Last night having dinner with a group of women friends one woman said as the oldest her responsibility was to take care of her mom. But…
she went on to say all the ways she had lived that, for years her mom was on the payroll in her business, long after my friend wanted to she financed her mom while her mom had cancer and then my friend shared her resentment especially since she too had cancer but her mom wasn’t there, and my friend was working and she again resented that she took care of her mom in the way she herself needed caring.
Then this morning I got an email titled “Are You a Good Girl”? I got to thinking, I just heard that statement? Realizing my friend last night had said “she was the good girl” doing the right thing. I got to thinking at what cost? It also made me think of my earlier years, all the people I tried to please, anticipating what they needed or what would make them happy, in all my being there for others I had lost touch with what made me happy, what I needed, I learned to not need anything because I could manage, but I was so focused on everyone else and their needs, that I was lost, and unhappy.
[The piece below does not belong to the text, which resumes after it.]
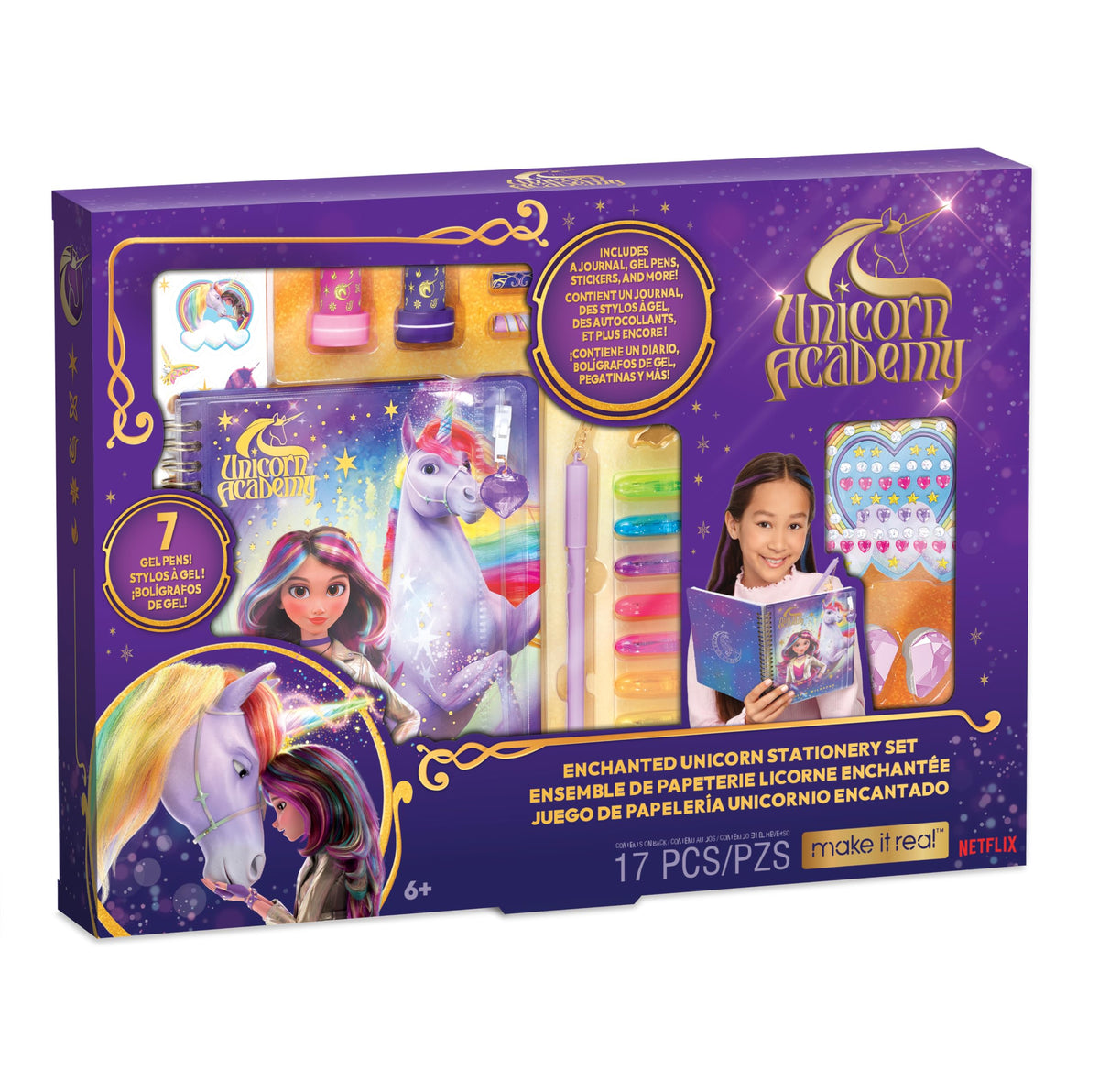 Make It Real Unicorn Academy spiral pouch journal for creative journaling and doodling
During health coaching sessions I hear many women saying “l I have to because she, he, they need me”. But isn’t that we have been taught to believe, I now question, is that true? What is really going on behind that statement, they need me? Are we afraid to say no, afraid we don’t have the right to say, don’t have a good enough reason to not do it, afraid it is being selfish and we are bad/wrong to be selfish? Then I think how quickly we all get out of balance doing so many things we don’t want to do perhaps doing for others not allowing others to do for themselves so we teach them to be dependent on us, or worse we teach them we don’t think they are capable so we will do it for them. I am reminded of what someone said to me years ago, as I struggled with the two letter word, “No is a complete sentence”. Really I didn’t owe people an explanation of why… no, I am not obligated to someone else perhaps no is the greatest gift of compassion I can offer. Because it is honest and then we can both figure out what to do from there.
If we are feeling resentful, or irritated, or put out, and we don’t say anything stuffing our feelings, we set ourselves up for eating too much, acting on a sugar craving, retreating a little bit more from others and we over burden ourselves, setting us up for sickness, injuries and diseases.